Jack McDonald

Personal information
- Full name: John Christopher McDonald
- Date of birth: 27 August 1921
- Place of birth: Maltby, West Riding of Yorkshire, England
- Date of death: 28 June 2007 (aged 85)
- Place of death: Ryde, England
- Height: 5 ft 9 in (1.75 m)
- Position: Outside right

Youth career
- 1937–1938: Wolverhampton Wanderers

Senior career*
- Years: Team / Apps / (Gls)
- 1938–1939: Wolverhampton Wanderers / 2 / (0)
- 1939–1948: Bournemouth & Boscombe Athletic / 80 / (36)
- 1948–1952: Fulham / 75 / (19)
- 1952–1953: Southampton / 16 / (4)
- 1953–1955: Southend United / 28 / (6)
- 1955–1957: Weymouth
- 1957–19??: Poole Town

= Jack McDonald (English footballer) =

English footballer (1921–2007)

John Christopher McDonald (27 August 1921 – 28 June 2007) was an English footballer who played as an outside forward for various clubs in the 1940s and 1950s. During his spell at Fulham, he helped them claim the Football League Second Division championship title in 1949.

== Football career ==
McDonald was born in Maltby, West Riding of Yorkshire and joined Wolverhampton Wanderers as a trainee in May 1937, aged 15. Shortly after his 17th birthday, in September 1938, he signed professional papers before going on to make two appearances for "Wolves" in the First Division.

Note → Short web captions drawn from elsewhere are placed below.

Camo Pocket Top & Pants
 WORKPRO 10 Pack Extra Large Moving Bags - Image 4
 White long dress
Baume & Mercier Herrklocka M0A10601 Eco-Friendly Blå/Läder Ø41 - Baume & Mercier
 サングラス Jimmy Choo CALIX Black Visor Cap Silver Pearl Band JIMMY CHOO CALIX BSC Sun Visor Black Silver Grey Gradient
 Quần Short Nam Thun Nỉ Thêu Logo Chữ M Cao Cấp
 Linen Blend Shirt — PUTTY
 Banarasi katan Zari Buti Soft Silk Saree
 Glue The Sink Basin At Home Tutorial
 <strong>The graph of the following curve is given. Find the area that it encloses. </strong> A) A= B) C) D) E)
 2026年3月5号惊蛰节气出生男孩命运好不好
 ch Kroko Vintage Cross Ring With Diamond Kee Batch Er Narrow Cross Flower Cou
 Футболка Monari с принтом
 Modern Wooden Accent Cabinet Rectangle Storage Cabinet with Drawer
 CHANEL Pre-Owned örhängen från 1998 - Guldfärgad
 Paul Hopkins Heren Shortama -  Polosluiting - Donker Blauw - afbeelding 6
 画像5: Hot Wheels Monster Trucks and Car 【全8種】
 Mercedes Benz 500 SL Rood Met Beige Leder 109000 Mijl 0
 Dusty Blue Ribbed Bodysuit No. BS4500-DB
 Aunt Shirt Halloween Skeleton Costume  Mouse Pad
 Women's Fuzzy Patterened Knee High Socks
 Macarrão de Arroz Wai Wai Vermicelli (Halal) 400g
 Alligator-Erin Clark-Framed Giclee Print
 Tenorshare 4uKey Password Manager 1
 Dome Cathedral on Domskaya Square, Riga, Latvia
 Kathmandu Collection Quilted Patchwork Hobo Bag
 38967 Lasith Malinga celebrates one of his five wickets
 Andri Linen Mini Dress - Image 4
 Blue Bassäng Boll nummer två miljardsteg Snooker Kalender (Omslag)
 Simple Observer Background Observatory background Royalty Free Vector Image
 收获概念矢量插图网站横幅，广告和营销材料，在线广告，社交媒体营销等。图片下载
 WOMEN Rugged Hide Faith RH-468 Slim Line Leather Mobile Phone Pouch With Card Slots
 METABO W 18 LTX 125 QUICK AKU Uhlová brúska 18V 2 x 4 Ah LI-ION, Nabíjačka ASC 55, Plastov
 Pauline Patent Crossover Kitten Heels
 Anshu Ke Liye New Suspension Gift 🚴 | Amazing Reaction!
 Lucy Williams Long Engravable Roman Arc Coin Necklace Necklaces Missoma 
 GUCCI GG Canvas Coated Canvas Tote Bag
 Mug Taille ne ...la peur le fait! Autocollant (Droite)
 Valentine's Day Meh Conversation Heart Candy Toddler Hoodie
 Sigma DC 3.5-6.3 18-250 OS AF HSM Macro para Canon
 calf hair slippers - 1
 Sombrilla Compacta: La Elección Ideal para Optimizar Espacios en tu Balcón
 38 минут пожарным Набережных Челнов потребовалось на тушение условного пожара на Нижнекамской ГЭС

In May 1939, McDonald was transferred to Bournemouth & Boscombe Athletic, but the Second World War broke out and normal football was suspended before he made his debut. During the war, he made guest appearances for a whole host of clubs, including Bristol City, Cardiff City, Manchester United, Wolverhampton Wanderers, West Bromwich Albion, York City, Southampton and Chelsea. He won the southern Football League War Cup with Chelsea in 1945 and scored in the final at Wembley.

At the end of the war, he returned to Bournemouth and soon made a name for himself as a goal-scoring left-winger, scoring 36 goals in 80 appearances in the Football League Third Division South. In 1948, Bournemouth finished as runners-up, but missed out on the only promotion spot available. (It was to be nearly 40 years before the "Cherries" eventually reached the Second Division.)

McDonald's form soon attracted the attention of bigger teams, and in June 1948 he moved to London to join Fulham for a fee of £12,000. At the time of his transfer, Fulham's manager Jack Peart commented in the club's year book:"For the present season 1948–9, we have made a few additions to our playing staff. No doubt chief interest will be focused on Jack McDonald, whose transfer we have secured from the Bournemouth and Boscombe Club in spite of very strong competition. I am certain Jack will prove a great acquisition."

McDonald only missed one match in the 1948–49 season, scoring nine goals. His crosses assisted the other forwards, including Arthur Rowley, who scored 19, and Bob Thomas, who was top scorer with 23, as the club claimed the Football League Second Division championship title by one point ahead of West Bromwich Albion and long-time leaders, Southampton.

In the First Division, McDonald's form was not so prolific and he eventually lost his place to Northern Ireland international Johnny Campbell, making only five appearances in each of the 1950–51 and 1951–52 seasons.

In August 1952, he was signed by Southampton as a replacement for Tom Lowder who was out with appendicitis. McDonald made his debut for the "Saints" in the opening match of the 1952–53 season and scored four goals in the first eight matches, before a sudden loss of form led to the recall of Lowder following his return to health. In a match against Bury at The Dell on 20 September, McDonald took a penalty; the first attempt was kicked straight at Jimmy Kirk in the Bury goal and he then lofted the rebound over the bar.

McDonald spent most of the rest of the season relegated to the reserves, although he was tried at centre-forward for four matches near the end of the season, with no conspicuous success.

In the summer of 1953, McDonald was transfer-listed and sold to Southend United for a fee of £800. The following year, he retired from league football, and returned to live in Bournemouth where he obtained employment as a P.E. teacher.

Whilst playing for Weymouth, then in the Southern League, McDonald returned to The Dell in December 1956 for an FA Cup match – his team put up a gallant fight, only going down 3–2, with Southampton's Jimmy Shields being sent off following a foul on the Weymouth goalkeeper. (This match was the first time Cup football had been played at the Dell under floodlights.)

== Later career ==
McDonald subsequently moved to Elgin in Scotland before returning to England to live in retirement on the Isle of Wight.

== Honours ==
Fulham
- Football League Second Division champions: 1949.